Markets
The October Empire Manufacturing Business Survey is one of those sole data points we get from the US with the government shutdown interfering with most of the data releases since the start of the month. The NY manufacturing index from the NY Fed unexpectedly reversed last month steep drop, rising back from -8.7 in September to 10.4 (11.9 in August). Details showed improvements across the board, both for the actual subindex and the one projecting sentiment 6 months ahead and both on the activity (eg new orders, shipments, but also employment) and the price front (paid & received). The outlook for prices paid approached the highest levels since 2022. The notoriously volatile Empire Manufacturing Survey didn’t impact trading though. At the margin, it helped US yields away from key support areas (eg US 2-yr 3.46% and 10-yr 4%). In this respect, it’s striking that yesterday’s Fed Powell speech didn’t have any more impact. He sealed the deal for October (25 bps rate cut) as downside employment risks rise faster than upside inflation risks and simultaneously called an end to the quantitative tightening cycle in coming months. Tonight, the Fed still releases its Beige Book, a summary of regional economic conditions which serves as a preparatory document for the FOMC meeting and is often overlooked. This time around, it could obviously grab some more attention though its hard to impact market pricing. The euro tried to build on yesterday’s intraday comeback but the move didn’t reach far. EMU bond markets fall back on the dovish reflex which dominated the period between US Liberation Day and the EU/US trade deal. They start erring more significantly in the direction of another ECB rate cut over the next 12 months. Daily changes on the German yield curve range between 2.2 bps (2-yr) and 4.4 bps (30-yr). France meanwhile remains stuck between a rock (budgetary crisis) and a hard place (legislative elections) as PM Lecornu tries to win confidence votes tomorrow. Despite support from leadership of French Socialists and Republicans, it remains to be seen whether they can rally all of their MP’s behind the party line. The margin for error is thin. Markets take the optimistic approach today with French assets outperforming. The CAC40 rebounds 2.1% with strong company earnings helping out as well. The EuroStoxx 50 currently recovers 1.15% with key US indices opening with 0.6%-0.9% gains. The 10-yr OAT-swapspread narrowed from 84 bps yesterday morning to currently 77 bps.
News & Views
The Norwegian (minority) government today published a draft budget for next year. The budget from the Labour government needs approval from smaller parties, which currently hold some non-addressed demands. The draft foresees NOK 579bn of the spending to be covered by funds of the Government Pension Fund Global (GPFG). This represents 2.8% of the value of the fund (capped at 3%) and represents about 27% of the budget expenditure. The government believes that 2026 fiscal policy will have an approximately neutral effect on the economy. Amongst others, the draft proposes NOK 4bn in income tax cuts and a NOK 11.5bn allocation to electricity support. The budget is estimated to raise defense spending to 3.4% of GDP. Government projections expect the mainland economy to grow by 2.1% next year from 2% this year. CPI-ATE inflation is expected to ease to 2.5% next year from 2.9% this year. At the its September 17 meeting the Norges bank cut the policy rate to 4% from 4.25%, but indicated that further easing might develop slower as the economy is holding relatively resilient. With respect to fiscal policy, the NB in September also assessed the structural non-oil public deficit at 2.7% this year and 2.8% next year. The krone today rebounds from EUR/NOK 11.79 to 11.715 today, but this is mainly due to a better risk overall sentiment.

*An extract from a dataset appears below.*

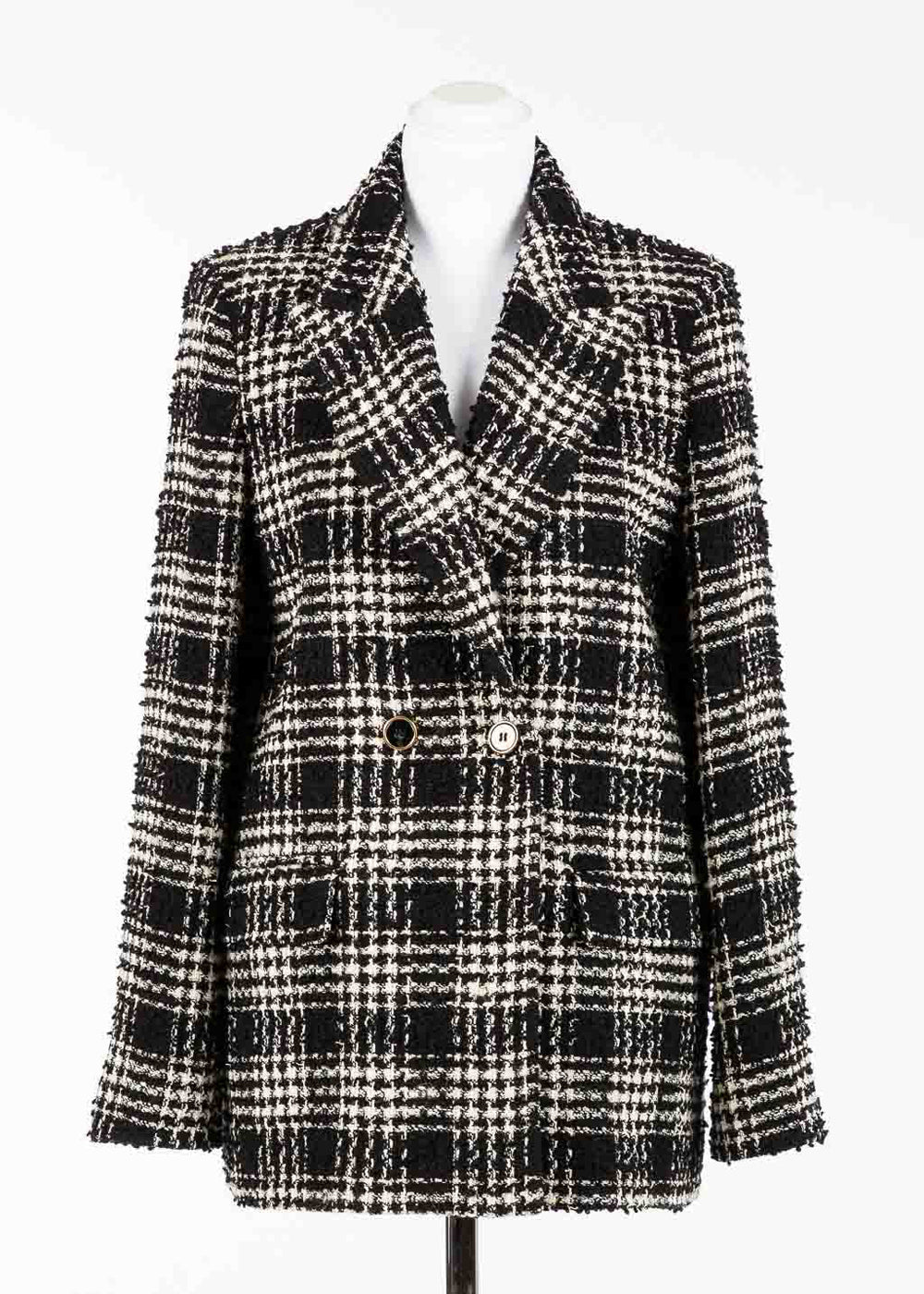 TWIN-SET Blazer QUADRI schwarz champagner Bouclé Karomuster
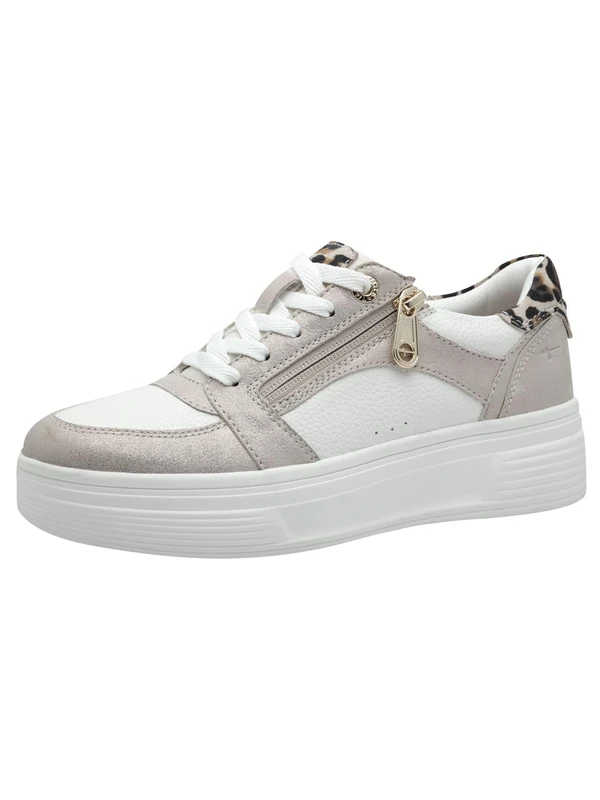 Tamaris Comfort Women’s Platform Sneakers with Zip Low Top, Beige Comb, 5 UK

In an interview with Bloomberg TV, the chief economist of the Reserve Bank of New Zealand, Paul Conway, indicated that after reducing the official cash interest rate by 50 bps to 2.5% the policy rate now is at the lower end of the neutral range. The RBNZ is still prepared to further cuts if data warrant so. According to Conway, the 0.9% Q/Q contraction in Q2 raised the possibility of a more prolonged period of excess capacity in the NZ economy and might cause less medium term inflation pressures. The RBNZ wanted to reacted to that, even as inflation currently still holds near the top of the RBNZ’s 1-3% target range. It is confident that this relatively high inflation will dissipate. NZD gains about 2.3% YTD against USD, but this places it as the laggard compared to G10 peers.